なんかおっさん、お店で席を確保しだしてる。
そして、私を手招きしてる???

 もしかして…このタイミングで飯?


 あの…イミグレをさっさと、通り抜けたいのですが…

 いや、おっさん多分それ、私の分もオーダーしてくれてるよね?
 ありがとうなんですけど…国境越えはいつするの?
 もしかして、このおっさんは、

ただ、トルハム観光に来て、飯食いに来ただけの人じゃ…


 これはマズイ!ちょっと頑張ってこのおっさんに聞いてみないと。

うんうん…あ!そういう事!?


 言葉は通じてないけど、多分イミグレがお昼休みで12:30になったら開くから、とりあえずそれまで時間あるから、飯でも食おう!って言ってるよね?きっと。

 おっさんが勝手に頼んでくれた飯、せっかく頼んでくれたからとりあえず食べないと…うお!おっさんだけじゃなくて、めっちゃ色んな人が話かけてくれるけど、何言ってるのか分からん!

 おっさんも、言葉通じないけど、とりあえずおっさん助けて…

って、なんかしらんけど、居らんやん!

いや、なんで居らんねん!


 って突っ込みたいとこやけど、居らんしな…

 ただ、みんな笑顔で話しかけてきてくれてるから、きっとなんかこんなところに居る日本人に対して興味本位か、好意で話かけてくれてるにゃろな。

 ここは、日本人得意の愛想笑いだーーーーー!!!


 お、おっさん戻ってきた。
 えっ!?もう行くの?そんな時間?

 お金払わないと…

って、おっさんもう会計済ましてる!?


めっちゃ笑顔でいいからいいからみたいな事言ってるおっさんの事が…

カッコよく見えてきた💦


 ついて行って…さっきの場所やん!あ、やっぱりここイミグレだったのね。

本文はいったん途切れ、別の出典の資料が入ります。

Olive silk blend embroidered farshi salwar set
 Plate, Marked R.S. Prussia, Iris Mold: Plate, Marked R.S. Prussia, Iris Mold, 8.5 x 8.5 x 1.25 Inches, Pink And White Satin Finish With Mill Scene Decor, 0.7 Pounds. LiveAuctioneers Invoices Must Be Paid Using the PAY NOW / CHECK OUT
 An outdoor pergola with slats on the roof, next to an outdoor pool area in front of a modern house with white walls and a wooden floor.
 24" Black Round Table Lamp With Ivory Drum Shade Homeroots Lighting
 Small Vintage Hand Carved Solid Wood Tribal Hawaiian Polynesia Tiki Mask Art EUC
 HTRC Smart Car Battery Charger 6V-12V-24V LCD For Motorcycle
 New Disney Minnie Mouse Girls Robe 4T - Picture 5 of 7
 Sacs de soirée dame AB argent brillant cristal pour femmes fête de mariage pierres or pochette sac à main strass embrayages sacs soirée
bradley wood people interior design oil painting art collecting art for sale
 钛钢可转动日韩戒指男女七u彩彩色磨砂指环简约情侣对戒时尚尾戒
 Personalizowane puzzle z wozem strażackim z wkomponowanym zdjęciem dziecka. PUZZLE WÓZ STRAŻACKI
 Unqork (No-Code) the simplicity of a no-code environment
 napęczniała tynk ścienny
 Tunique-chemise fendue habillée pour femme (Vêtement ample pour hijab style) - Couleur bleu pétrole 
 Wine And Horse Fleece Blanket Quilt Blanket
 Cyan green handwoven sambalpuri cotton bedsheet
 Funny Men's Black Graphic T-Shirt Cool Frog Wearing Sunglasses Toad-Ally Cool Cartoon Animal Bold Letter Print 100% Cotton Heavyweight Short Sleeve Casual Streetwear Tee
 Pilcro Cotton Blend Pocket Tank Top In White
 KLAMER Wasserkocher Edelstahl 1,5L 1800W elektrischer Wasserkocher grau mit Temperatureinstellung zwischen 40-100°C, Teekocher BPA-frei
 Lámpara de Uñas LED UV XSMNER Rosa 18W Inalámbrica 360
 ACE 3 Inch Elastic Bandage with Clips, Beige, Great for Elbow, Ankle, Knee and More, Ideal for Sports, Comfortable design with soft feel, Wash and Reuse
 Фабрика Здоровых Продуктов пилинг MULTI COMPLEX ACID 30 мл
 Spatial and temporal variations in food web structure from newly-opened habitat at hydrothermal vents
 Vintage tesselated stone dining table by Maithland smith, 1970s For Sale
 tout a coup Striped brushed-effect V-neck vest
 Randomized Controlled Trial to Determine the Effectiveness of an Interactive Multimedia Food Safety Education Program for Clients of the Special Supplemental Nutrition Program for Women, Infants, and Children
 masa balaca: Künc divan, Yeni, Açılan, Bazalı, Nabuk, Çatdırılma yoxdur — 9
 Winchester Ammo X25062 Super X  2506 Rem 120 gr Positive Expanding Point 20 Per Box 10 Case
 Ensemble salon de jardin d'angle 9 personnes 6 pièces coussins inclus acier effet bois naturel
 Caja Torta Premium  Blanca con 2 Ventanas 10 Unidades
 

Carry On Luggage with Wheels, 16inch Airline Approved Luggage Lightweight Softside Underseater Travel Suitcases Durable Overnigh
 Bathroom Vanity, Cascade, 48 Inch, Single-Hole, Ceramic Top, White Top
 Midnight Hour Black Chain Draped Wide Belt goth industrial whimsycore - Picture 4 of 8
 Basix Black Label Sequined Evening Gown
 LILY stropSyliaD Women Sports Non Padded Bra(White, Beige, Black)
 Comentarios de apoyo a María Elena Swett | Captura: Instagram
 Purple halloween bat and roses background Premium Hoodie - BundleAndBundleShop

んで、ちゃんと係員みたいな人居る。

 列に並んで、自分の番。

 へ?その場でハンコ押してくれないの?
 パスポート預けて、一回後ろで待ってろ?

 
 そんなもんなんかな…でも他の人もそうしてるし、仕方ない。
 待っててみよう。

 退屈やし、その辺にでも座って日記でも書くか…って、なんかめっちゃ人集まってくるねんけど。とりあえず、愛想よくしとかないと、この人たちが徒党組んで襲ってきたら、

 絶対に〇ぬ。



 「そうです!私は日本人です!珍しいでしょ???どうだーーーー!!!」

 なんか、動物園の檻の中に居る、パンダみたいな気分…

 

 お、なんか呼ばれた。

 ん?なんか今、
「VISA Expired!(ビザ切れてるよ!)」
って言われたよね?

 切れてないんですけど…いや、これって何て言えばいいんやろ。なんか言った方がいいんかな…って、もう手続き進めてハンコ押してるやん💦

 なんのジョークですかこれ?賄賂でも要求されるんかと思ったわ💦
 無事、パスポートも返してもらって出国完了!

 おっさん終わったよーって

 

あれ?おっさん達居ないやん!!!


 なんで居ないの?置いて行かれた?

 どっち行けばいいんやろ…とりあえず、国境は分かるし、こっち方面に行ってみるか…

 もう多分、国境越えちゃってるよね?そして、車も見えてるし、このまま入国スタンプなしで、進めちゃいそうねんけど、

イミグレどこよ?


んん?なんか子供が掘っ立て小屋指さしてくれてる?
あっち?あれがイミグレ?
ありがとー!!!

 とりあえず行ってみるか…って、絶対あれ違うやろ。
 あれ、ただの木造の小屋やん。なんか電気もついてなくて陰気くさいし…かといって、他に当てもないし、あの小屋行ってみて、聞いてみるか。


 すいませーん、お邪魔します…
 あ、人、居た居た…んん?こっち来いって言ってる?

 ここイミグレなん!?💦


 こんなイミグレ初めて見た。小屋やん、ただの小屋。
こんな存在感のない陸路の国境初めて。人も誰も並んでないし、って、私しかおらんやん。
 暗すぎるし、木の机に、よくドラマの警察とかである電灯が1個あるだけやん!

 謎すぎる…

 で、イミグレの人、顔を一回も上げず、パスポートの空いてるとこ探してハンコ押しただけやん。

 後で、

 「いやー居るんですわ、イミグレごっこしてる人が。あんなとこがイミグレな訳ないやん!ま、ほとんど居ないですけどね、あんなとこがイミグレって信じる人…」


 とか、言われて、


 

「え!?まさか、あれをイミグレって信じたんですか?かわいそうですけど、完全に不法入国ですね!とりあえず署のほうに…」



 とか言われたりしないかな…


 こんなあっさり、アフガン入国してしまったけど、大丈夫なんかな…



 んで、おっさんどこ行ったんよー!!!


  

そんな、アフガニスタンの第一歩を記したある日の話。